━━━━━ RECORDS FOR THE EXERCISE ━━━━━
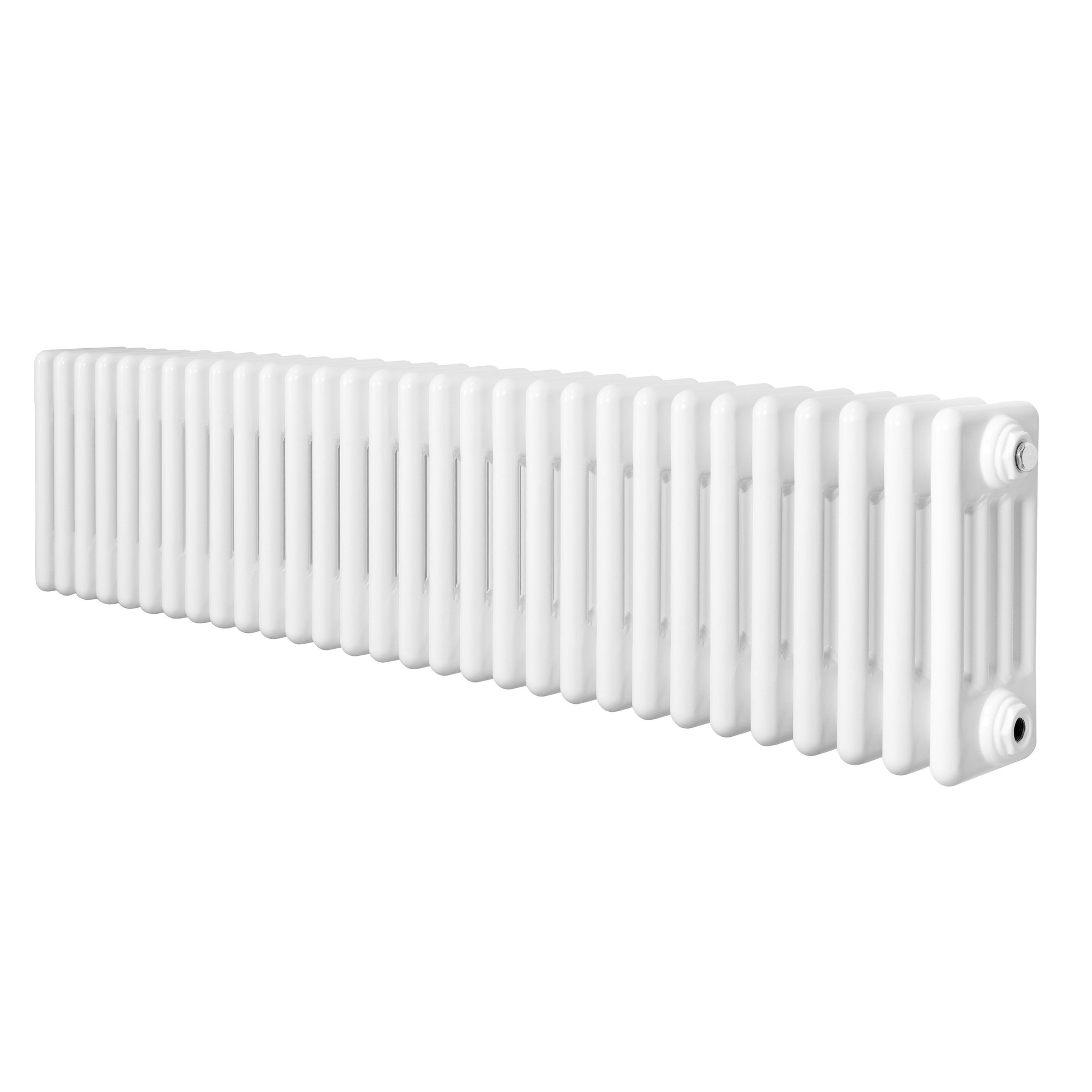 Voir la diapositive 2 : MONSTERSHOP Radiateur traditionnel à 4 colonnes - 300 x 1370 mm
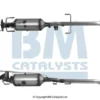 Sot-/partikelfilter, avgassystem till MAZDA 6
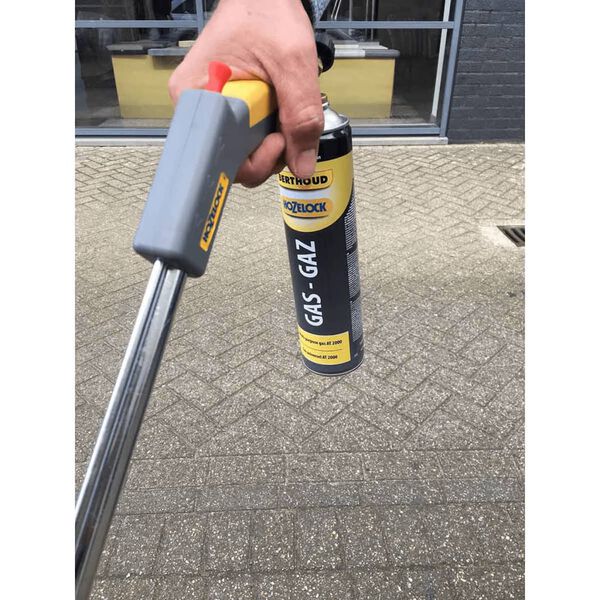 Hozelock Termisk gass-ugressfjerner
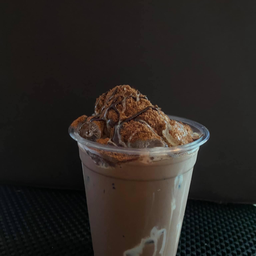 โอวัลตินภูเขาไฟ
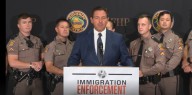 Gov. DeSantis highlights Highway Patrol cooperation with federal immigration enforcement
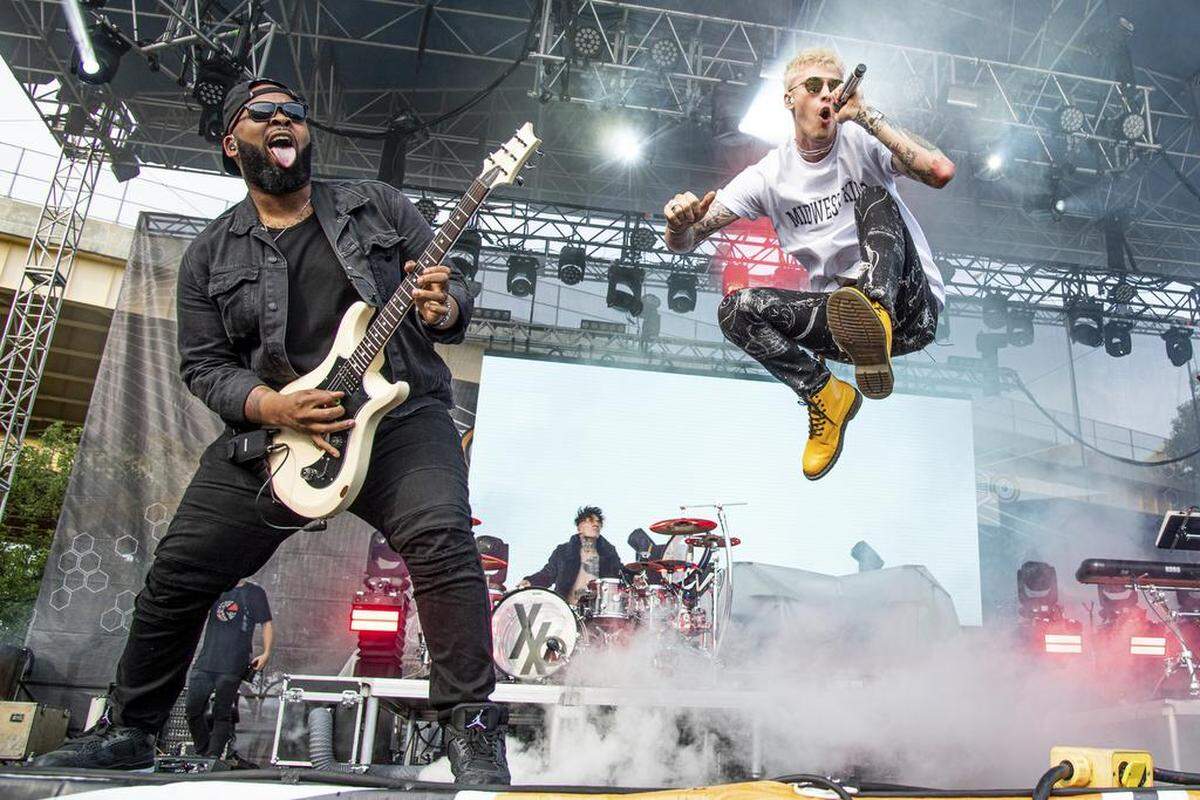 Machine Gun Kelly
━━━━━
### EXERCISE DETAILS
Set down, word for word, the line that holds "Gov. DeSantis highlights" and all lines after it to the end of the entries above, but not the pictures.

### TASK RESPONSE
 Gov. DeSantis highlights Highway Patrol cooperation with federal immigration enforcement
 Machine Gun Kelly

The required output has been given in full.